Classification of brain tumor extracts by high resolution 1H MRS using partial least squares discriminant analysis

A. V. Faria, F. C. Macedo, A. J. Marsaioli, M. M.C. Ferreira, F. Cendes

Research output: Contribution to journalArticlepeer-review

11 Scopus citations


High resolution proton nuclear magnetic resonance spectroscopy (1H MRS) can be used to detect biochemical changes in vitro caused by distinct pathologies. It can reveal distinct metabolic profiles of brain tumors although the accurate analysis and classification of different spectra remains a challenge. In this study, the pattern recognition method partial least squares discriminant analysis (PLS-DA) was used to classify 11.7 T 1H MRS spectra of brain tissue extracts from patients with brain tumors into four classes (high-grade neuroglial, low-grade neuroglial, non-neuroglial, and metastasis) and a group of control brain tissue. PLS-DA revealed 9 metabolites as the most important in group differentiation: γ-aminobutyric acid, acetoacetate, alanine, creatine, glutamate/glutamine, glycine, myo-inositol, N-acetylaspartate, and choline compounds. Leave-one-out crossvalidation showed that PLS-DA was efficient in group characterization.
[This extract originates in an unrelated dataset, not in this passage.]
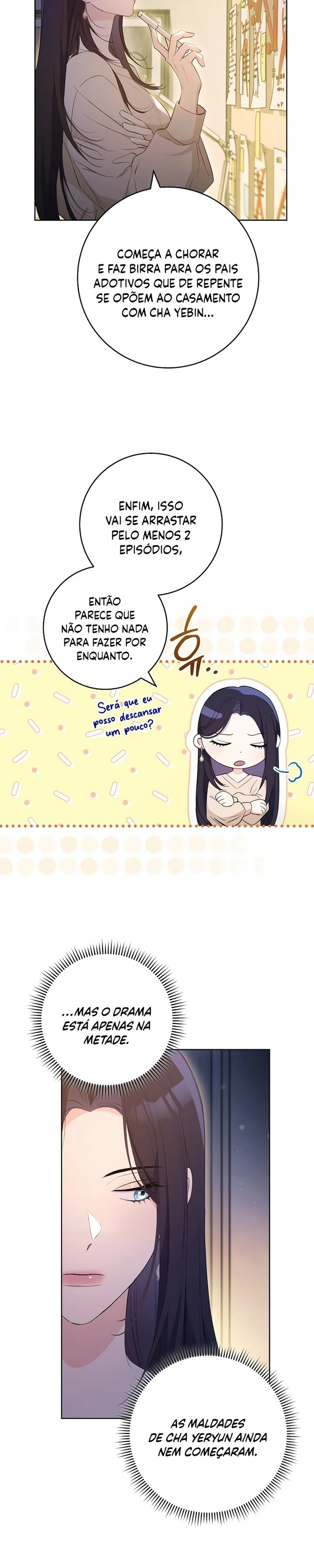 Eu Escaparei da Flor da Provação Capítulo 2 Página 2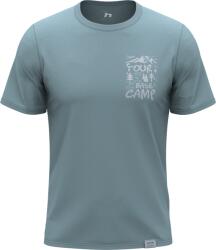 Hannah Greg férfi póló XXL / kék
The metabolic patterns detected can be explained on the basis of previous multimodal studies of tumor metabolism and are consistent with neoplastic cell abnormalities possibly related to high turnover, resistance to apoptosis, osmotic stress and tumor tendency to use alternative energetic pathways such as glycolysis and ketogenesis.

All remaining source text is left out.